RECORDS FOR THIS TASK:
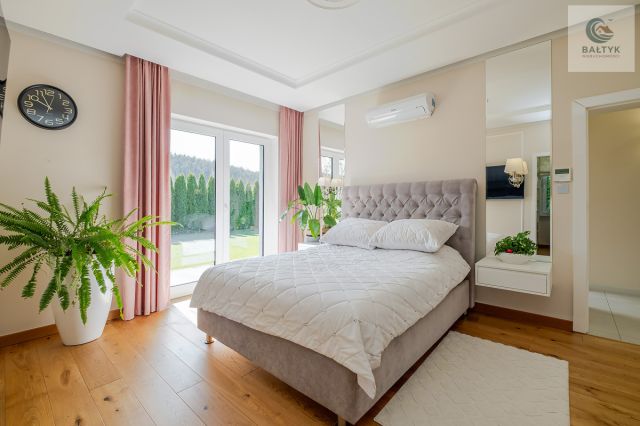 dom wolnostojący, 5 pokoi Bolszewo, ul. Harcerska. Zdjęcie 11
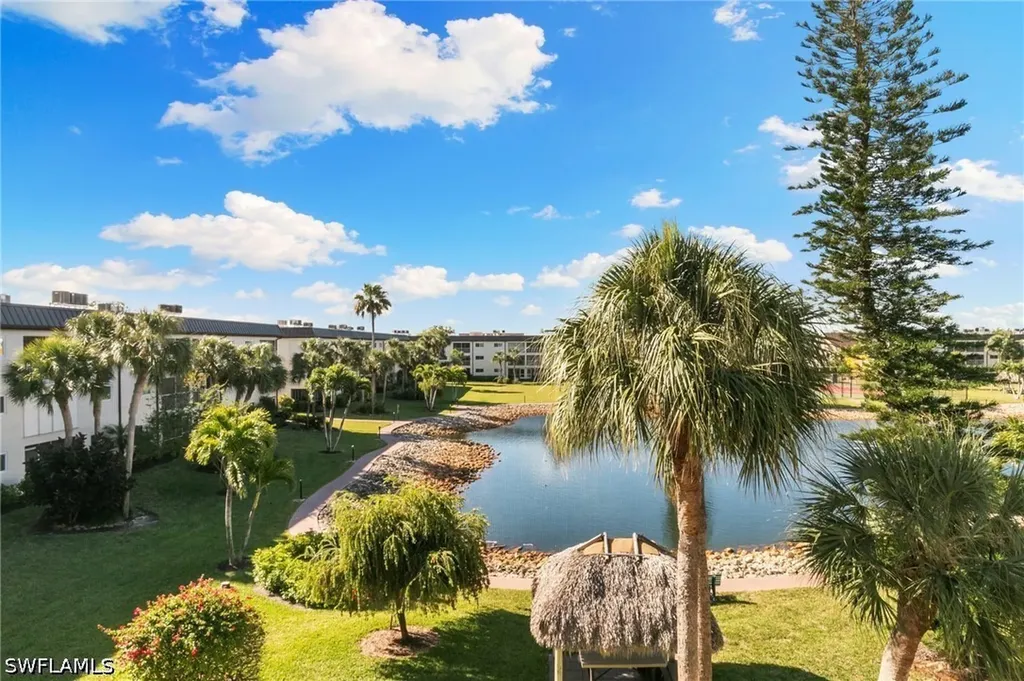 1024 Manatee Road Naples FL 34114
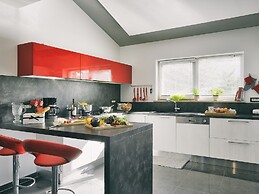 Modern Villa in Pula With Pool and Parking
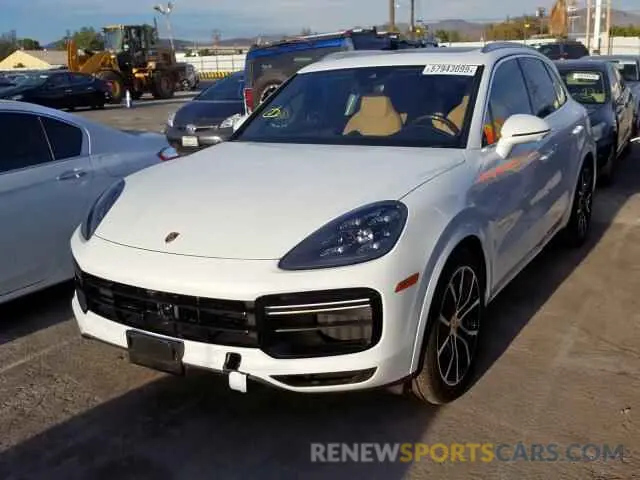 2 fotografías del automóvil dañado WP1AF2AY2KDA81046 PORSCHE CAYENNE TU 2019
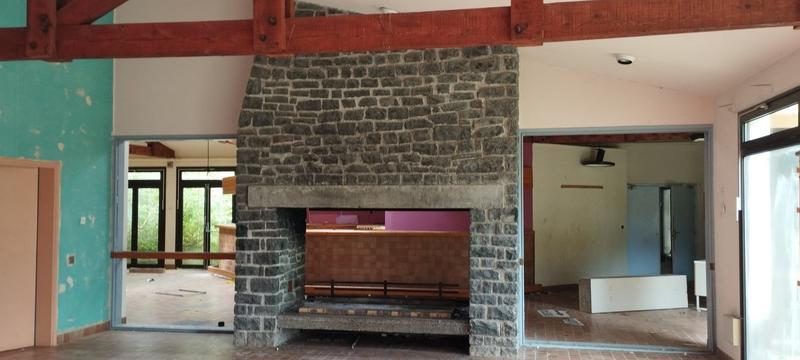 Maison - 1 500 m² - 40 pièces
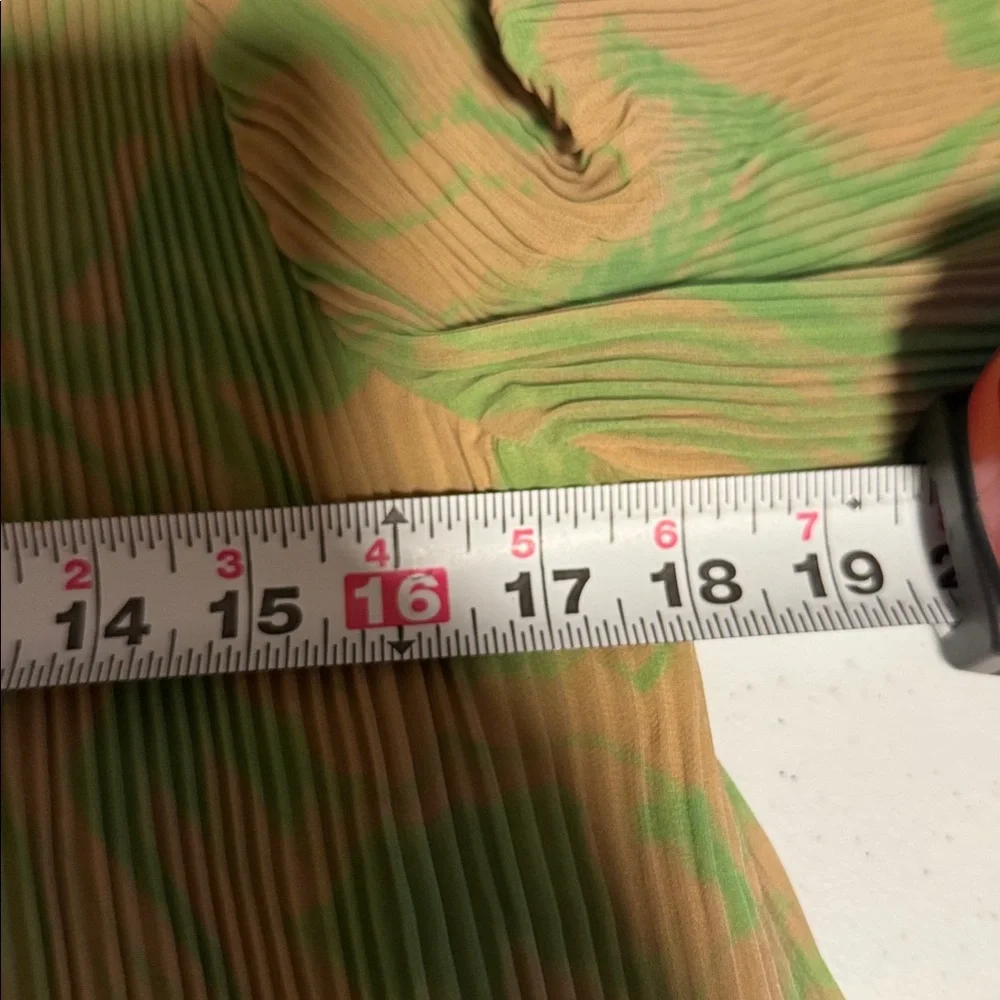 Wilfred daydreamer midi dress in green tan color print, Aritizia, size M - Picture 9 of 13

WORK TASK:
For each entry above, write it out again exactly but leave out any picture.

ANSWER:
 dom wolnostojący, 5 pokoi Bolszewo, ul. Harcerska. Zdjęcie 11
 1024 Manatee Road Naples FL 34114
 Modern Villa in Pula With Pool and Parking
 2 fotografías del automóvil dañado WP1AF2AY2KDA81046 PORSCHE CAYENNE TU 2019
 Maison - 1 500 m² - 40 pièces
 Wilfred daydreamer midi dress in green tan color print, Aritizia, size M - Picture 9 of 13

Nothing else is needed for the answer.